Old brake lathes came with a smaller spindle that you could change out, and
then use smaller cones to turn the tapered axle drums. I’ve dome the job on an
Ammco brake lathe, and it worked great.
Don
Sent: Thursday, September 27, 2018 3:43 PM
Cc: 'Bill Taylor'
Subject: [Chrysler300] turning drums /cleaning up with tapered Mopar
rear axle
Hi, Recently
got into situation with several rusty but otherwise useable 12” rear drums 57-62
--which are getting rare. Modern day drum turning places like NAPA cannot handle
a drum mounted on the tapered axle hub ; I strongly prefer not to take
apart. For those who have not done that, you will lose the press fit and
swaged tight ring on drum side, part of factory fit of studs . You have to
destroy the studs by drilling the center out to not wreck the hub.
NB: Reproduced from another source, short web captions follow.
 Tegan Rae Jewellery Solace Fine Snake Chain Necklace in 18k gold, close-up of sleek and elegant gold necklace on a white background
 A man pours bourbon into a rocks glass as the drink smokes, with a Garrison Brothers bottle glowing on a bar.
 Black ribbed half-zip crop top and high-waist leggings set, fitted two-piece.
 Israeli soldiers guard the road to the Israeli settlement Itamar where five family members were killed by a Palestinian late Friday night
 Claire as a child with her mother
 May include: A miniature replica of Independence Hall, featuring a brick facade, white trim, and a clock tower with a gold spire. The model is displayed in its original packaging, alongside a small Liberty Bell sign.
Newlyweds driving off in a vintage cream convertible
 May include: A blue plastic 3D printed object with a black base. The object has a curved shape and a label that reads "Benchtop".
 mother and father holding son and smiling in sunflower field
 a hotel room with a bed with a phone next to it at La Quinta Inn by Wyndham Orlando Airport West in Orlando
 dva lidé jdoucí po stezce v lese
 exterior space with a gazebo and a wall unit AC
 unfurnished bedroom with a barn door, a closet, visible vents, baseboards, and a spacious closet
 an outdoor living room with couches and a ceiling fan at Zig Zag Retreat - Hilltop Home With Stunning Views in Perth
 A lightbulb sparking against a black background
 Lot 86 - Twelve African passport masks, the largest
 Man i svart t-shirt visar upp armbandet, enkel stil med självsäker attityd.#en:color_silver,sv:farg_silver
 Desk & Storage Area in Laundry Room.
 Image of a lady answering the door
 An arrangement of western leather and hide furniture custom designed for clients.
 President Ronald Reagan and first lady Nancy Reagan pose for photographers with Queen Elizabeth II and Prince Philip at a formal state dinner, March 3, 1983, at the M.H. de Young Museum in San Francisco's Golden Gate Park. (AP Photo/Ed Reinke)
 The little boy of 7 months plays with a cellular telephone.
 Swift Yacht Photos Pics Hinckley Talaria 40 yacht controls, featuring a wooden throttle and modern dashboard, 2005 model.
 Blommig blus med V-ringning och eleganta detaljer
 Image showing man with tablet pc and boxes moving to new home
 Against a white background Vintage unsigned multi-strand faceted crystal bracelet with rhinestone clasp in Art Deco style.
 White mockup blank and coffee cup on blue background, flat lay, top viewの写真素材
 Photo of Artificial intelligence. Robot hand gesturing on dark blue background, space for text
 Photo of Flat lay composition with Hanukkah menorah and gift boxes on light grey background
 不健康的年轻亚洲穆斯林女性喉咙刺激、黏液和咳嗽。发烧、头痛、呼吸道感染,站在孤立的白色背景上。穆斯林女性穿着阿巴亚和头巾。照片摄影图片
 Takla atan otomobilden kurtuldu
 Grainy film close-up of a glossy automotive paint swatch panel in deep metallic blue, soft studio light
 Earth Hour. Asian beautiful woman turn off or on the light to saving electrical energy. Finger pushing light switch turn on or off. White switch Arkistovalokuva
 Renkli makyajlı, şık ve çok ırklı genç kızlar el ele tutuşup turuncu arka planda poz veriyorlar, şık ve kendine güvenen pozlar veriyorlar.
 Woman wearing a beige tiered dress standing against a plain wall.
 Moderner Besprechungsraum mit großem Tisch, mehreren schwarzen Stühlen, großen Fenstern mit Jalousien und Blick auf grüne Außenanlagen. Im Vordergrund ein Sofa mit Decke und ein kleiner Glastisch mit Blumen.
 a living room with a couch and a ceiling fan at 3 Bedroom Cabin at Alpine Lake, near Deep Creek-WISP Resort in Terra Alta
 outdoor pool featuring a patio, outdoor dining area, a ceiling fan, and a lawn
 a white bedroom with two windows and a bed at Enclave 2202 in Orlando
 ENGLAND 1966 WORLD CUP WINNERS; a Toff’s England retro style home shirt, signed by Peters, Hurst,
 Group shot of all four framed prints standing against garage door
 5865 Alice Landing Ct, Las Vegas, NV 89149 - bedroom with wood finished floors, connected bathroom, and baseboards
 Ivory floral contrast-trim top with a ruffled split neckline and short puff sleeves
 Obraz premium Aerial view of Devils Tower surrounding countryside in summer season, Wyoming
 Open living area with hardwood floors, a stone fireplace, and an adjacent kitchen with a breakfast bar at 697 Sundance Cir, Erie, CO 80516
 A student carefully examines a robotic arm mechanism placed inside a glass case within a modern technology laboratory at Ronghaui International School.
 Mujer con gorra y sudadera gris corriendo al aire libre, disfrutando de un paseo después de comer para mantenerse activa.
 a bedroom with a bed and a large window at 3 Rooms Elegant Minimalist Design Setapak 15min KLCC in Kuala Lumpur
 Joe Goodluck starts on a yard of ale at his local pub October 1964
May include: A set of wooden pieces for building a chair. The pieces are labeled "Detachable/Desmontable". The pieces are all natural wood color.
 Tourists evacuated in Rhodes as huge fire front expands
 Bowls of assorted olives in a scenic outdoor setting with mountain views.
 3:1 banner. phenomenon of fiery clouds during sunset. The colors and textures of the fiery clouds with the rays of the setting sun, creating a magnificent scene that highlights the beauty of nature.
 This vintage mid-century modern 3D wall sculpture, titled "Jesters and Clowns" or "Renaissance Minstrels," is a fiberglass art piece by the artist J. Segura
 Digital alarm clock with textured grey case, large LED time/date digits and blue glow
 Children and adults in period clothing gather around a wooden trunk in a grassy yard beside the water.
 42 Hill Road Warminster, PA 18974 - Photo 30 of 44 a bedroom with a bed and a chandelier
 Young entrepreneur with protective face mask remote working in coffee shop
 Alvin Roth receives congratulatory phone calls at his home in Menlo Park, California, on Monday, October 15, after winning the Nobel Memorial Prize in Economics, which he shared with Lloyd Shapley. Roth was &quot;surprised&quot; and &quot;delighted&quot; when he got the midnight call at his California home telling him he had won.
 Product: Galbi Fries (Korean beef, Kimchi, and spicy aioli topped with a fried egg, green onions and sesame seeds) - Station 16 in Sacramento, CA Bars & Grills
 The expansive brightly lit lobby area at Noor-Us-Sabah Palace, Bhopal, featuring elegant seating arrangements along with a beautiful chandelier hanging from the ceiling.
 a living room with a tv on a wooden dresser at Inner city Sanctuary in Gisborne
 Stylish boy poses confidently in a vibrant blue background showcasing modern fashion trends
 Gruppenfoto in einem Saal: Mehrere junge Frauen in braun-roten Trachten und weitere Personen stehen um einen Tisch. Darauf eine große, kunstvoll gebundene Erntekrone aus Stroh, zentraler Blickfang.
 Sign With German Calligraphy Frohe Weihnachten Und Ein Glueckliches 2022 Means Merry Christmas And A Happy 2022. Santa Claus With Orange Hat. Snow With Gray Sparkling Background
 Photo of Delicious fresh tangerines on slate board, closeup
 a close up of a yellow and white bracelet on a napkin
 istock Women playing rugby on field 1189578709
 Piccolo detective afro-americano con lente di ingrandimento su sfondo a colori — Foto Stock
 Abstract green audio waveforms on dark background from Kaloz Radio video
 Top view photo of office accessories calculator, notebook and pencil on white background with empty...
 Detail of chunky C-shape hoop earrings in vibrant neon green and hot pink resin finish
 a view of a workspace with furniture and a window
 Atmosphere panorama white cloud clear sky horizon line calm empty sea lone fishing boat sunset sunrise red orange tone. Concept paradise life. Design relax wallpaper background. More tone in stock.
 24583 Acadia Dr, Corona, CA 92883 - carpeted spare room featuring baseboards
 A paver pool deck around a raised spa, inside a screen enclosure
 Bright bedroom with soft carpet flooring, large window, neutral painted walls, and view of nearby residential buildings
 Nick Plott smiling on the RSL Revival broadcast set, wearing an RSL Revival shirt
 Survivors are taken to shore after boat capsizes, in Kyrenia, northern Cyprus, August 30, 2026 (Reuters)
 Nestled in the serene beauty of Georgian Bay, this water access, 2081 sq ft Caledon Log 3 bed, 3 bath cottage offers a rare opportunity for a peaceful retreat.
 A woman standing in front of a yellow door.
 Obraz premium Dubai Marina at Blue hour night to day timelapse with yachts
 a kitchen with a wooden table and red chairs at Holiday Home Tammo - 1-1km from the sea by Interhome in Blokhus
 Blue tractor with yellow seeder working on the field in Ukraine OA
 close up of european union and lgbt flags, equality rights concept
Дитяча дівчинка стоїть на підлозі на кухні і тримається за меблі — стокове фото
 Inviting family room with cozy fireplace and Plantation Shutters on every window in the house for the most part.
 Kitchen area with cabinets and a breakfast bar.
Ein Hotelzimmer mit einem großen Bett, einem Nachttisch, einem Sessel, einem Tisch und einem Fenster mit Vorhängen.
That drilling
lets them collapse inward when you press out. . An animal press out wrecks
everything by forcing the larger swaged part out through t he press fit. . Then
you get into finding oversize (left hand?) studs ,precision boring the hubs and
drum holes oversize etc etc. I know some have left the drum “loose “on new
studs but even that requires oversize studs and precision boring of hub for
them, to do it right. Can turn into a frustrating fiasco, off center drum etc. .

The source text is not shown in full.